We return to our consideration of the event at the Tower of Babel so long ago.  To catch up, this occurred about 300 years after the Flood.  Following the Flood, mankind was given the privilege of governing himself.  He was to scatter, multiply, and fill the earth; repeated twice (Gen 1:28; 9:7).

Clearly the decision to build a tower was made by a group, perhaps a council.  Lacking stone and timber, they used clay for bricks.  The ‘slime’ used for mortar refers to bitumen, which could be asphalt, tar or some other petroleum based substance.

What did they build?  A ziggurat—this was like a pyramid except that the successive layers were recessed so that you could walk to the top of the ‘steps.’  At the top was a special shrine dedicated to a god or goddess.  They desired that its top would ‘reach unto heaven.’  This likely involved some false worship, perhaps astrology.  Here we have man trying to reach God by his own efforts.  They hoped that the god would come down from heaven to meet them.

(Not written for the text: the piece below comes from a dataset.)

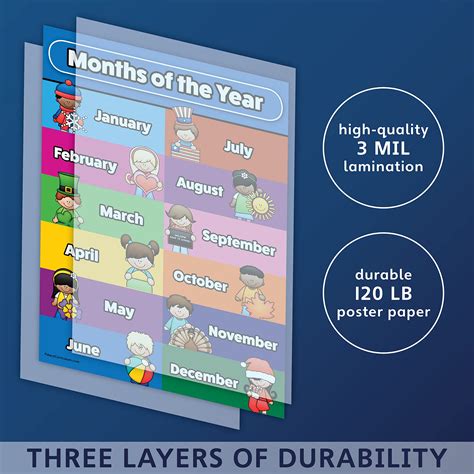 Buy Months Of The Year Poster Chart Laminated Double Sided 18 X 24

‘Babel’ means ‘gate of the gods’ in the Akkadian language.  In Hebrew it means ‘confusion.’  It is an example of onomatopoeia—it sounds like what it is.

Let us make a name for ourselves lest we be scattered abroad…”  As Francis Schaeffer writes, “This is the first public declaration of humanism.”  They wished to maintain a human unity and achieve a social stability. Man, as always, is seeking to be autonomous from God.

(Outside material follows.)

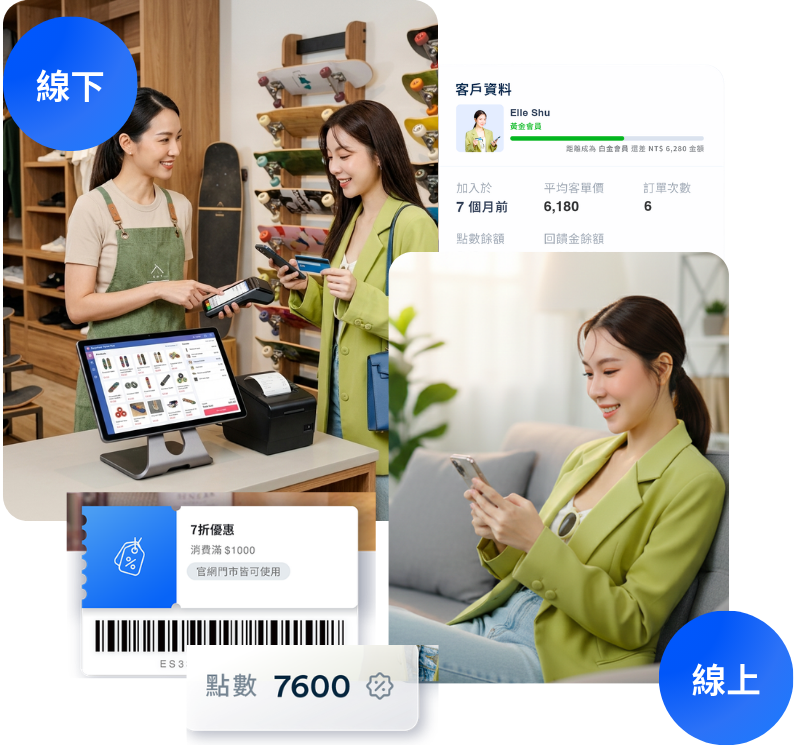 滑板 官網門市開店平台 ｜ 拒絕抽成對帳不加班 | EasyStore UCX 體驗 | EasyStore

Who was the leader?  Nimrod.  The previous chapter describes him.  And Cush begat Nimrod: he began to be a mighty one in the earth.  He was a mighty hunter before the LORD: wherefore it is said, ‘Even as Nimrod the mighty hunter before the LORD.’  (10)  And the beginning of his kingdom was Babel, and Erech, and Accad, and Calneh, in the land of Shinar.  (11)  Out of that land went forth Asshur, and built Nineveh, and the city Rehoboth, and Calah, (12) and Resen between Nineveh and Calah: the same is a great city. (Gen 10:8-12)

Nimrod was a powerful, wicked leader who “hunted” people to follow his rebellion.  It appears he was worshipped as a god.  His wife Semiramis and his son Tammuz, also came into the picture.  His wife was the ‘queen of heaven,’ the forerunner of all female goddess worship and the exaltation of Mary.  She was worshipped throughout the Bible lands, and was referred to in Jeremiah (chapters 7, 44).

There are three sins that Nimrod and his ilk committed: pride (4) Let us build for ourselves; Let us make a name for ourselves; rebellion (4) “…lest we be scattered; and idolatry, as worship was performed atop the tower.

At some point after the Flood, Nimrod convinced many of the early descendants of Noah who had congregated in the Valley of Shinar to build a ziggurat as a pathway for unknown gods to descend to earth, thereby introducing to the globe a paganism that has never ceased, and effectively destroying humanity’s slowly degenerating view of the image of Noah’s God.